In what is seen as defensive posturing, mortgage lenders have decided to increase the mortgage rates on jumbo loans. Jumbo loans are considered non-conforming loans as opposed to conforming loans. The conforming loan threshold is set by two of the largest secondary market lenders, Fannie Mae (FNMA) and Freddie Mac (FHLMC).

Single-Family Mortgage Conforming Loan limits effective January 1, 2007*:

First mortgages

  • One-family loans: $417,000
  • Two-family loans: $533,850
  • Three-family loans: $645,300
  • Four-family loans: $801,950

Note: One- to four- family mortgages in Alaska, Hawaii, Guam, and the U.S. Virgin Islands are 50 percent higher than the limits for the rest of the country.

* Source: Fanniemae.com

Home loans that exceed the threshold limits of the above mentioned loan amounts are considered non-conforming loans. Hence, jumbo mortgages are considered non-conforming loans.

In general, the average interest rates on jumbo home loans are higher than typical conforming mortgages. The mayhem in the home loan mortgage market is beginning to squeeze high-end home buying consumers with good credit records, in the latest indication of rising unease among investors and mortgage lenders.

The average interest rate being charged by mortgage lenders for a prime 30-year fixed-rate jumbo loan was 7.34%, up from an average of 7.1% last week. This sudden increase in interest rates during the last few weeks is noteworthy because rates on 10-year Treasury bonds have been declining. Usually, mortgage interest rates run in the same direction as Treasuries. This behavior may be the result of many jittery investors abandoning mortgage securities.

The reason jumbo home loans have higher rates than conforming home loans is because Fannie Mae and Freddie Mac purchase only mortgage loans that are conforming. In turn these conforming mortgages are bundled for sale in the secondary market, leading to a decline in market demand for non-conforming loans. The lessening market demand makes it difficult for lenders to sell jumbo non-conforming loans. Herein, the mortgage lenders pass on the cost onto the borrowers in the form of charging higher rates for mortgage loans.

Even with naturally higher rates for jumbo loans, mortgage lenders are still charging higher rates than typical to prime borrowers. Consumers with good credit are not receiving the benefit of lower mortgage rates. Jumbo loans are not able to escape the mortgage malaise borne out of the subprime mortgage grave.

The funerals of many mortgage brokers and mortgage lenders have been written in obituary columns across the nation. A new entry might be added soon, American Home Mortgage Investment Corp. ultimately submitted to the mortgage mayhem and filed for Chapter 11 U.S. bankruptcy protection from creditors.
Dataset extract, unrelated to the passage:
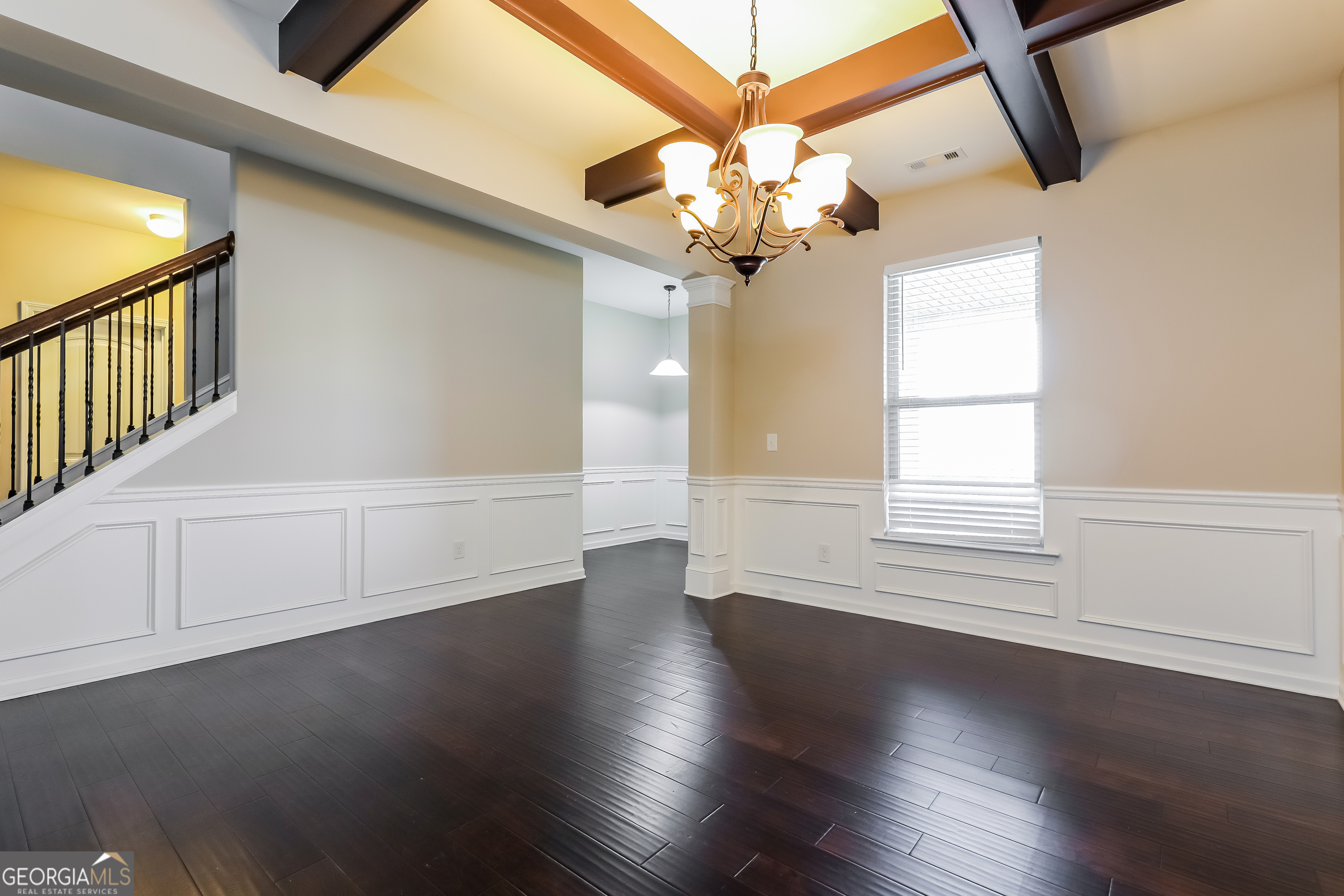 2518 Quincy Loop, Unit 90 Fairburn, GA 30213 - Photo 6 of 15 wooden floor in an empty room with a window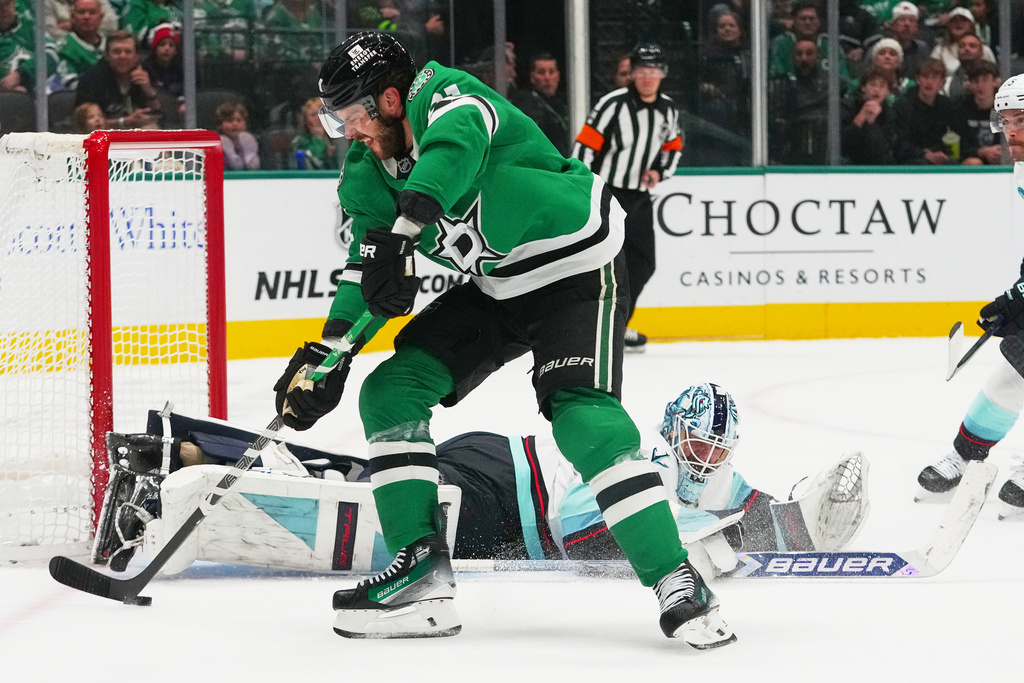 Dallas Stars center Tyler Seguin, top, prepares to score a goal on Seattle Kraken goaltender Matt Murray, bottom, during the first period of an NHL hockey game Sunday, Nov. 9, 2025, in Dallas. (AP Photo/Julio Cortez)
The tenth largest mortgage lender in the U.S. finally succumbed to financial pressures caused by defaulting subprime mortgage loans.

The mortgage ripple has also led to two Bears Stearns funds going under; High-Grade Structured Credit Enhanced Leveraged Fund, valued at about $638 million and the High-Grade Structured Credit Fund, worth about $925 million lost their value in July.

With mortgage lenders skittish, investors jumpy, and homebuyers staying on the sidelines; it is a wonder how high-end home loan borrowers were able to avoid affliction from the housing-mortgage malaise for so long.